# ST446 Distributed Computing for Big Data


## Week 4 class: Spark SQL and DataFrames


### LT 2021

This notebook contains code samples from Chapter 4 of the book Learning PySpark.

You should open a Jupyter Notebook in your Dataproc cluster and create a PySpark notebook.

## 1. Generate a DataFrame 

### a. Data from file
We again use the `author-large.txt` file from dblp, which we used in previous exercises. We load the data into a DataFrame using the function `spark.read.csv()`.

In [None]:
# remember to change the command to use your bucket name

filename = 'gs://jialin-bucket/data/author-large.txt'

author_large_no_schema = spark.read.csv(filename, 
                    header='false', sep='\t')
author_large_no_schema.createOrReplaceTempView("author_large_no_schema")

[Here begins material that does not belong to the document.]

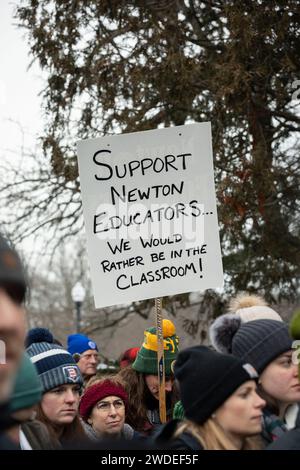 Januar 2024. Newton, MA., Newton Lehrer versammelten sich am ersten Tag ihres Streiks im Newton City Hall, als sie für eine erweiterte psychische Gesundheit kämpfen Stockfoto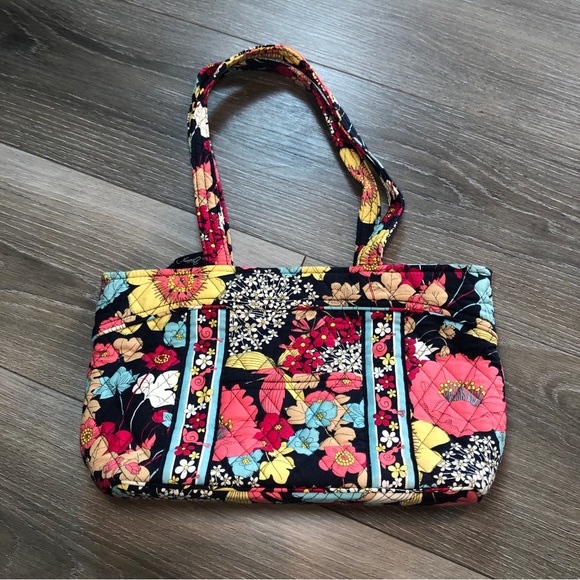 Vera Bradley Handbags - Vera Bradley Happy Snails Small Quilted Red Tote Shoulder Bag Retired Pattern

#### Inferring the Schema Using Reflection
Spark can infer the schema using _reflection_; i.e. automaticaly determining the schema of the data based on sampling the data.

In [None]:
author_large_no_schema.printSchema()

#### Programmatically Specifying the Schema
Spark also allows to programmatically specify the schema.

In [None]:
from pyspark.sql.types import *

schema = StructType([
    StructField("author", StringType(), True),    
    StructField("journal", StringType(), True),
    StructField("title", StringType(), True),
    StructField("year", LongType(), True)
])

author_large = spark.read.csv(filename, 
                    header='false', schema=schema, sep='\t')
author_large.createOrReplaceTempView("author_large")

In [None]:
author_large.printSchema()

As you can see from above, we can programmatically apply the `schema` instead of allowing the Spark to infer the schema via reflection.

Additional resources:
* [PySpark API Reference](https://spark.apache.org/docs/2.0.0/api/python/pyspark.sql.html)
* [Spark SQL, DataFrames, and Datasets Guide](https://spark.apache.org/docs/latest/sql-programming-guide.html#programmatically-specifying-the-schema) (for programmatically specifying the schema from a `csv` file).

#### SparkSession

Notice that we're no longer using `sqlContext.read...` but instead `spark.read...`.  This is because as part of Spark 2.0, `HiveContext`, `SQLContext`, `StreamingContext`, `SparkContext` have been merged together into the Spark Session `spark`, which provides:
* entry point for reading data,
* working with metadata,
* configuration,
* cluster resource management.

For more information, see [How to use SparkSession in Apache Spark 2.0](http://bit.ly/2br0Fr1).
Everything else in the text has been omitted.